Which one is brighter: the sound of a violin or the sound of a trombone?
Got the answer?
Without any apparent reason, you believe that lemons are fast and violins sound brighter than trombones. These beliefs happen to be shared by most humans, from an early age and cross-culturally. Now, where on earth did we get them from? Most of the earlier studies conducted since Edward Sapir focused on “sound symbolism”, i.e. the associations between sounds and meanings, but not directly on the associations between sensory dimensions – like brightness, pitch, size, etc. Even if you don't know anything about french names for birds, I could ask you whether you think that a pipit is a small or a big bird – and you would, without any apparent reason, judge that it must be a small one. It's certainly because, as a large majority of humans across cultures and linguistic groups, you think that the sound /i/ is smaller and brighter than the sound /a/, diminutive words, or names of small birds and fishes are much more likely to contain /i/ than /a/.
Rules have exceptions: Which is faster — a mallard or a kiwi?
Believing in things that don't really make sense and without any apparent reason seems, in that respect, not specific to the religious and spiritual domain. But are beliefs in the fastness of lemons, and in bright violins, of the same kind as beliefs in the Holy Trinity or in the spirits of the trees?
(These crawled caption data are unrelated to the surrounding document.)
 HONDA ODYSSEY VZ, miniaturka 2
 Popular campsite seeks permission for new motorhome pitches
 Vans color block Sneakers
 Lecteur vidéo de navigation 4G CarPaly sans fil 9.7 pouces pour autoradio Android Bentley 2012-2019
Believing is not a simple and unified thing. This anthropological fact is often minimized by philosophers, but fortunately not on this blog (see the debate between Maurice Bloch and Dan Sperber, here and here). Still, when invited to think about varieties of beliefs, most will agree that it comes from two things. The first and obvious one is the variety of contents. Believing that 2+2 equal 4 is different from believing that it will rain tomorrow, and believing that Cicero was a great orator may be different from believing that Tully was a great orator. The second kind of difference comes from our attitudes toward these contents - broadly speaking, the degree of confidence we have toward them. You are absolutely certain that 2+2 = 4, but only pretty confident that it will rain tomorrow.
Reflective vs. intuitive: Where should we look for the difference?
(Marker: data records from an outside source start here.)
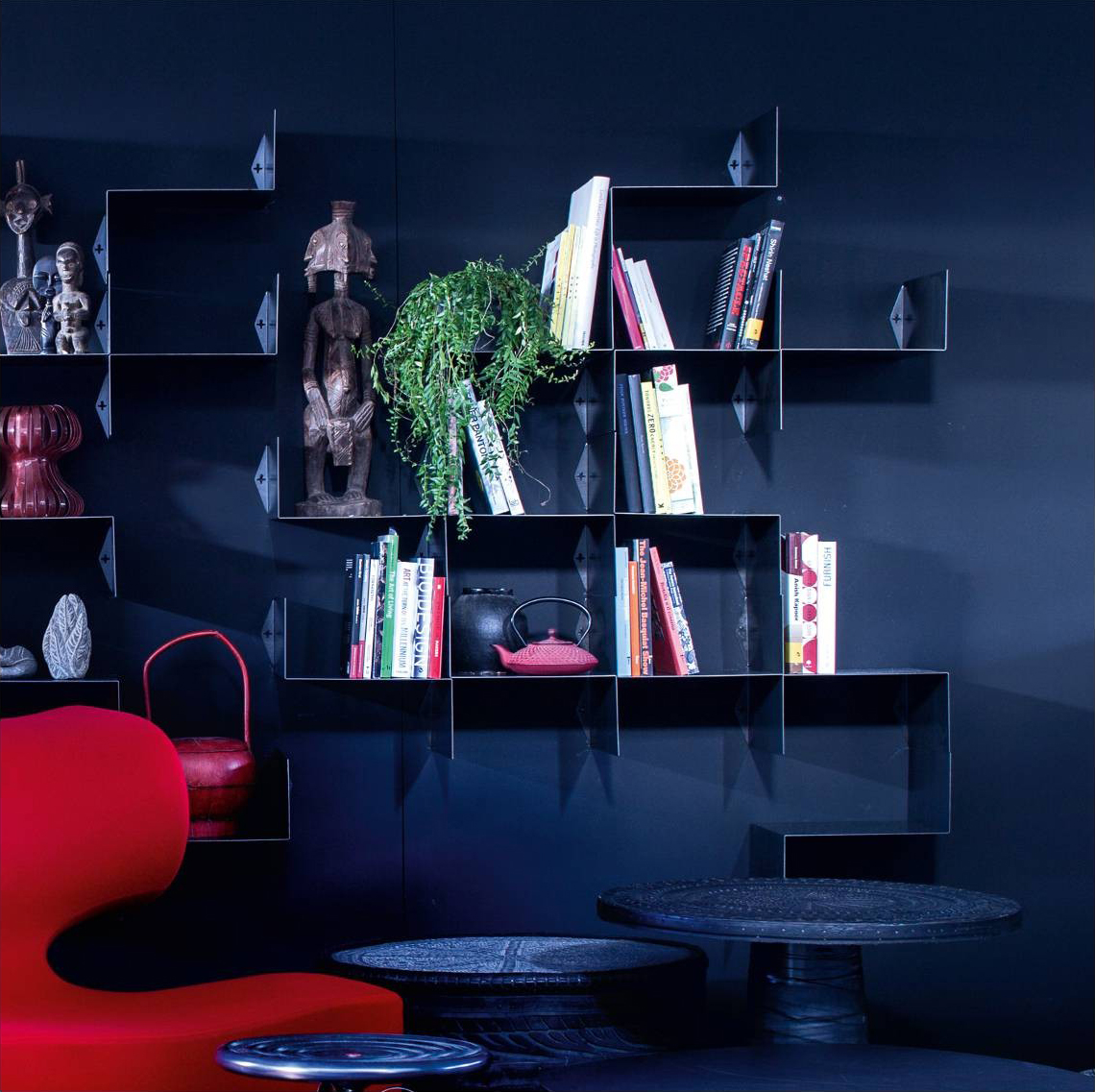 创意家具 - 储物|装饰架|办公家具|设计师家具|Z-书架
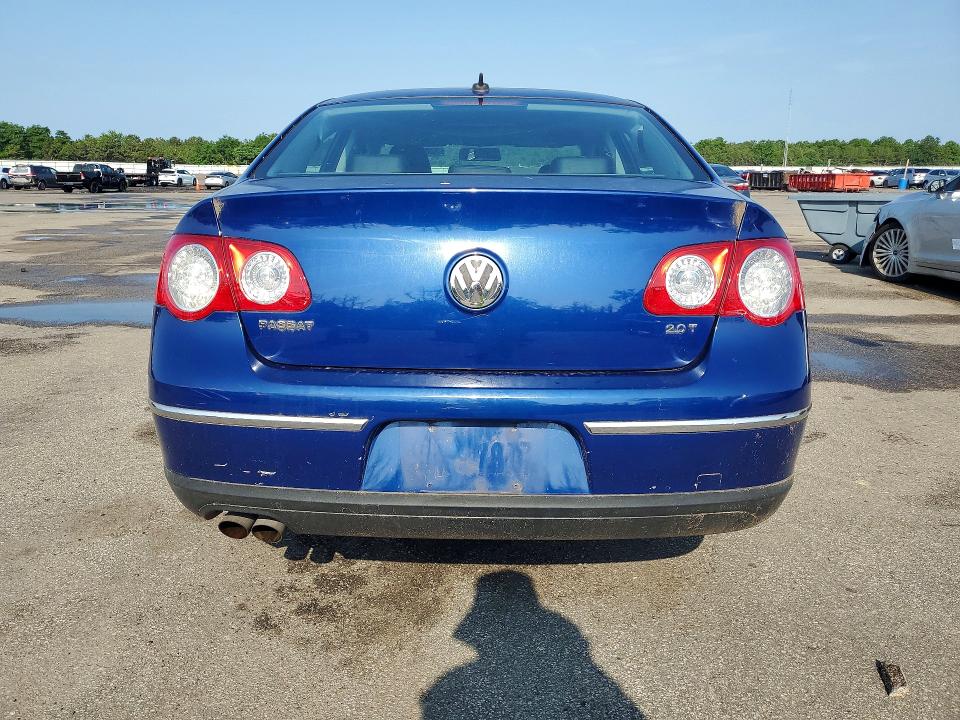 2009 Volkswagen Passat მანქანა იყიდება აუქციონზე, vin: WVWJK73C19E013224, აუქციონის ნომერი: 52874566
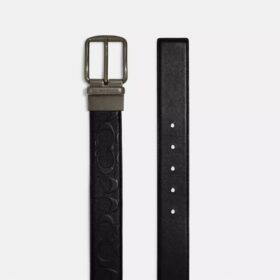 Wendegürtel mit Harness-Schnalle zum Zuschneiden, 38 mm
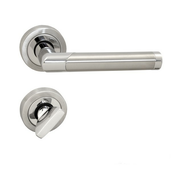 Kljuka inox Bi-Color II WC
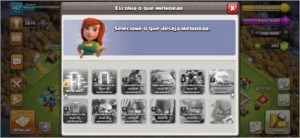 Clash of clans cv 11FULL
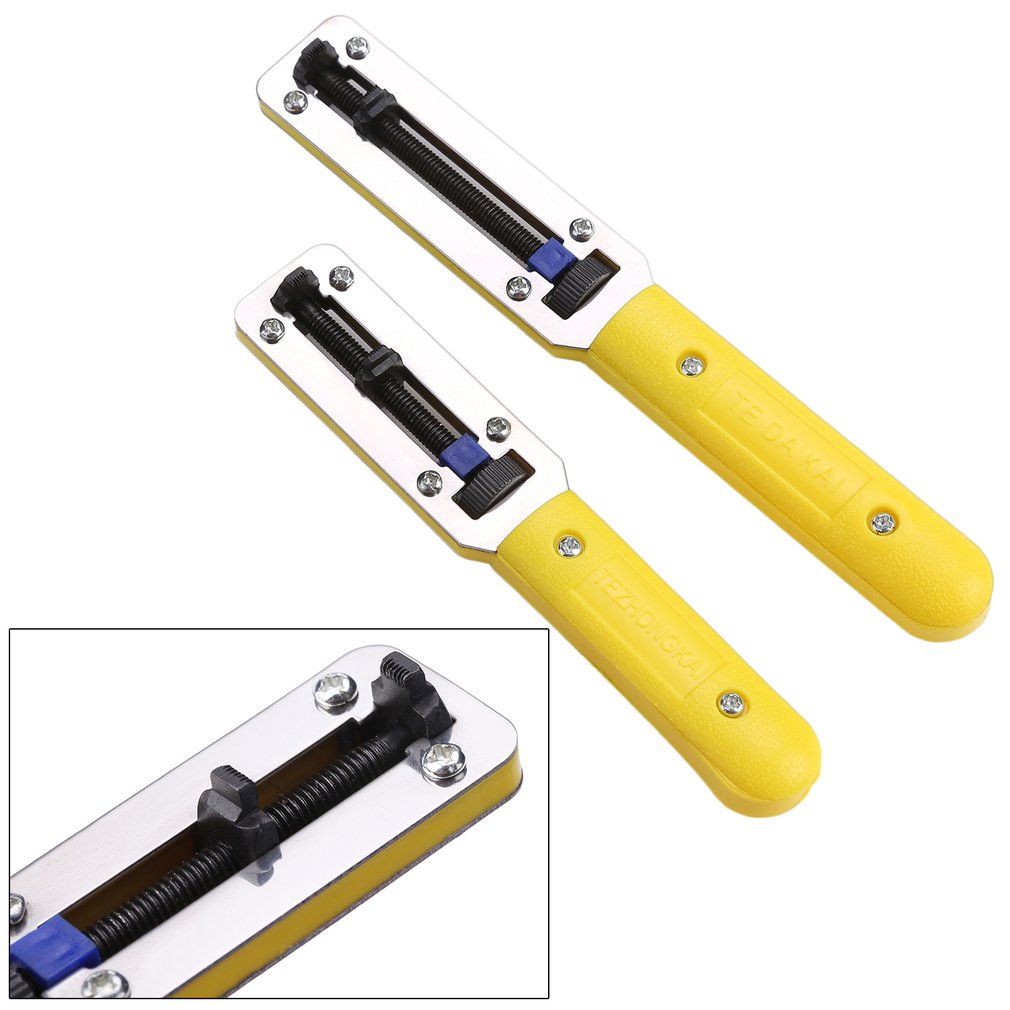 Portable Watch Bottom Cover Opener Opening Watch Ware Wristwatch Lid Opener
A further distinction illuminates the varieties of beliefs, stressing the difference between ways in which we come to hold these contents - e.g. in a intuitive or reflective way. You can have the intuition that it is wrong to push someone under a train to save five innocents, but come to reflectively believe that this is the right thing to do. This seems close to the previous difference in attitude toward the contents: we feel justified in holding the second belief, but not the first. The two distinctions should nonetheless be kept separate. One can be very confident in one’s intuitions, or on the contrary be suspicious of them and refuse to act according to them. The same goes for reflective judgements. Saying that someone is “very intuitive” is here misleading, and underscores something about attitudes: it doesn’t mean that she has more intuitions than others, but that she trusts and follows her intuitions more easily or often.
The distinction between intuitive and reflective beliefs often goes with dual-systems theories. It is drawn at the sub-personal level in terms of kinds of processes: intuitions result from processes (system 1) which are associative, unconscious, effortless, heuristic, whereas reflective beliefs come from rule-based, conscious, effortful, analytic, and rational processes (system 2).
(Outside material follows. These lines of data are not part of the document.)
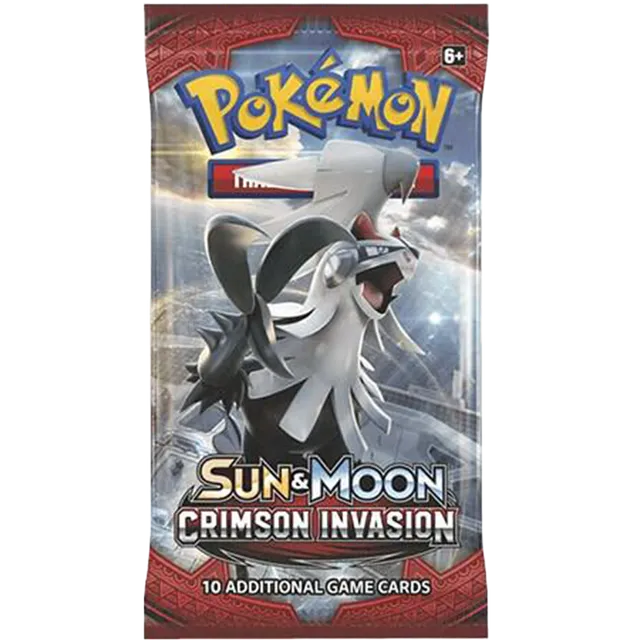 Pokémon Booster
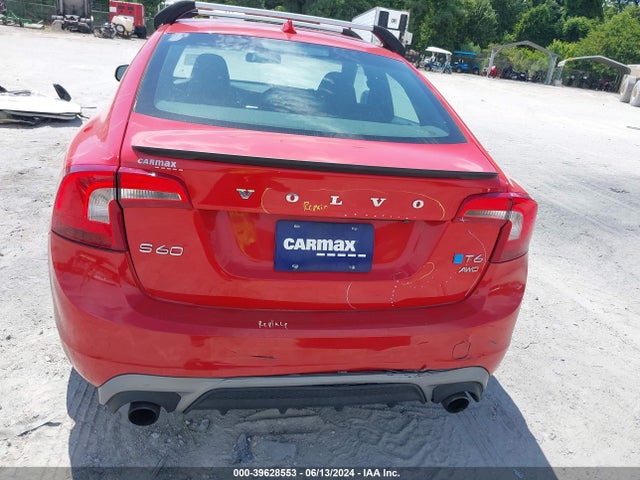 YV1902TG7F1304158 Volvo S60 T6 R-design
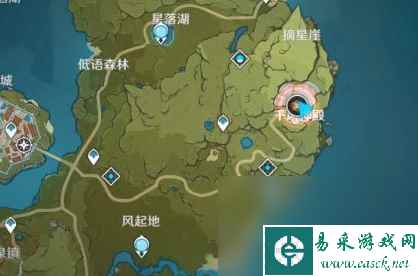 《原神》与巨像成就任务完成攻略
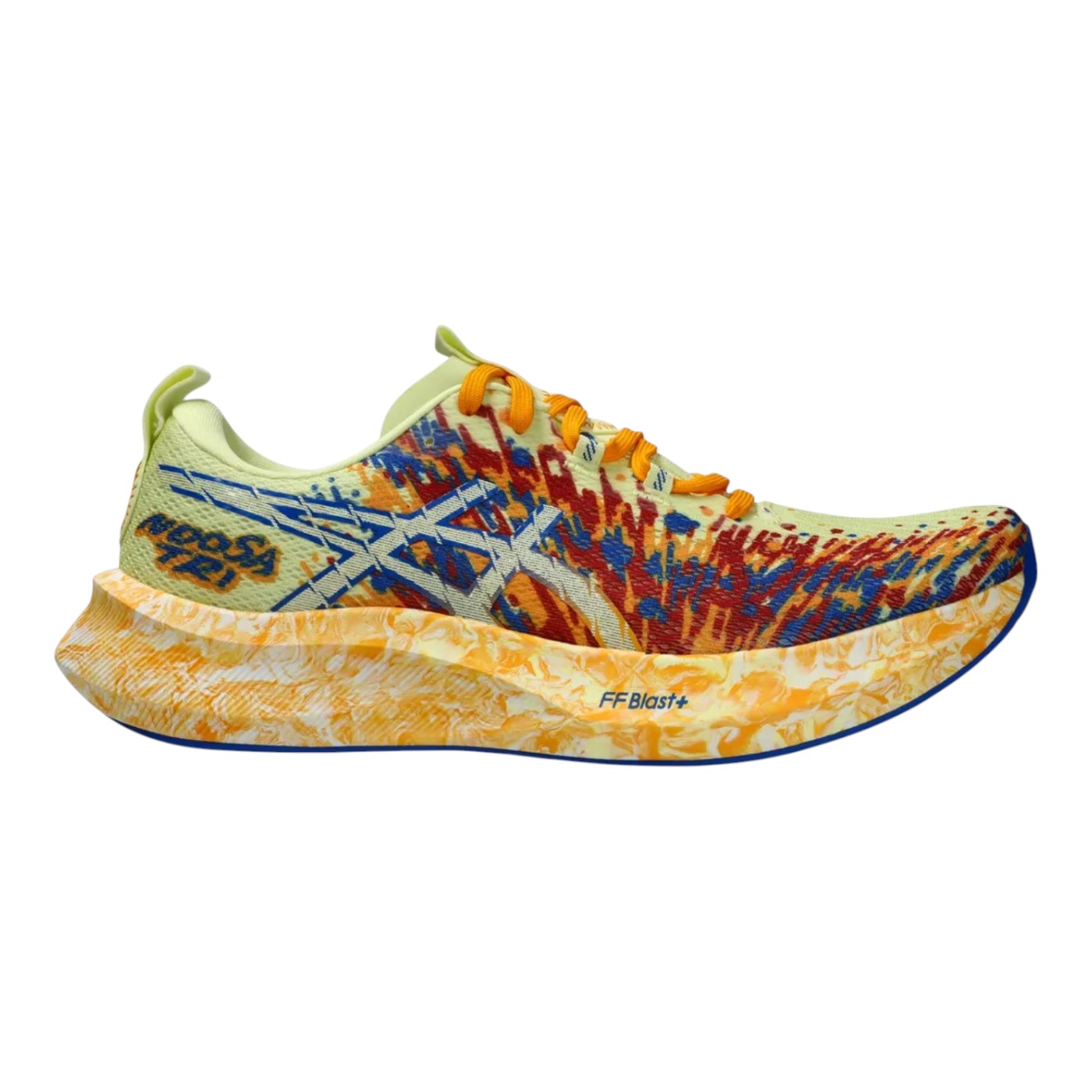 Foto 4 pulgar | Tenis Asics Noosa Para Hombre Color Multicolor Modelo 1011b872751
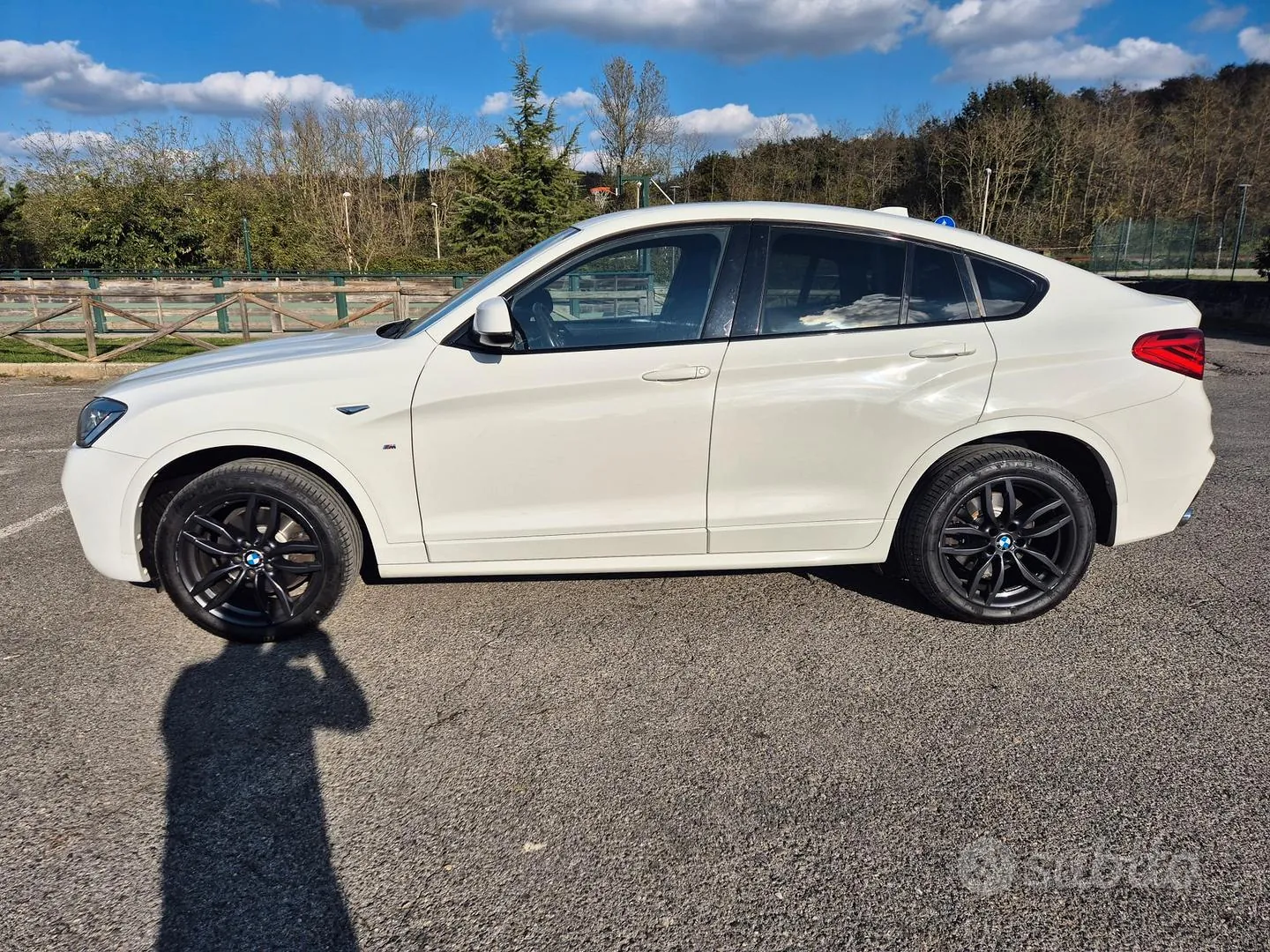 BMW X4 2017 photo 4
A first question here is whether the most important or basic difference between intuitive and reflective beliefs should be made at the manifest level. Perhaps this is a bit fragile (qua an introspective difference) or close to old-fashioned behaviorism (qua observed in practice). But arguably, this difference explains why and how we look for potential underlying differences in processing.
Looking for a distinction in contents: Are some contents specific to intuitions, or reflective judgments?
A more robust way to draw the difference resorts to something more akin to the difference in contents, than ways of being manifested. Following this line means finding contents that are specific to intuitions or to reflective judgments. In their discussion, Dan and Maurice argued about such a difference. Let’s grant that beliefs contents vary in terms of being more or less determinate. As adults, our belief that 2 plus 2 equal four is fully determinate, in the way it wasn’t when we were 5 years old, and in a way that the dogma of the Holy Trinity isn’t. This is, I guess, the distinction that Sperber tries to capture in terms of propositional and semi-propositional content. Terminology doesn’t matter here. What matters is that the distinction doesn’t reduce to a difference in attitude or commitment (our readiness to doubt or wonder about semi-propositional beliefs, but not about propositional beliefs) but remains about contents. Accordingly, a believed content is fully determined (“propositional”) if the believer knows its truth-values over the range of all epistemically relevant worlds, vague if she knows them for some or most epistemically relevant worlds, and indeterminate (only “semi-propositional”) if she doesn’t know anything about its truth-value in any relevant epistemic world.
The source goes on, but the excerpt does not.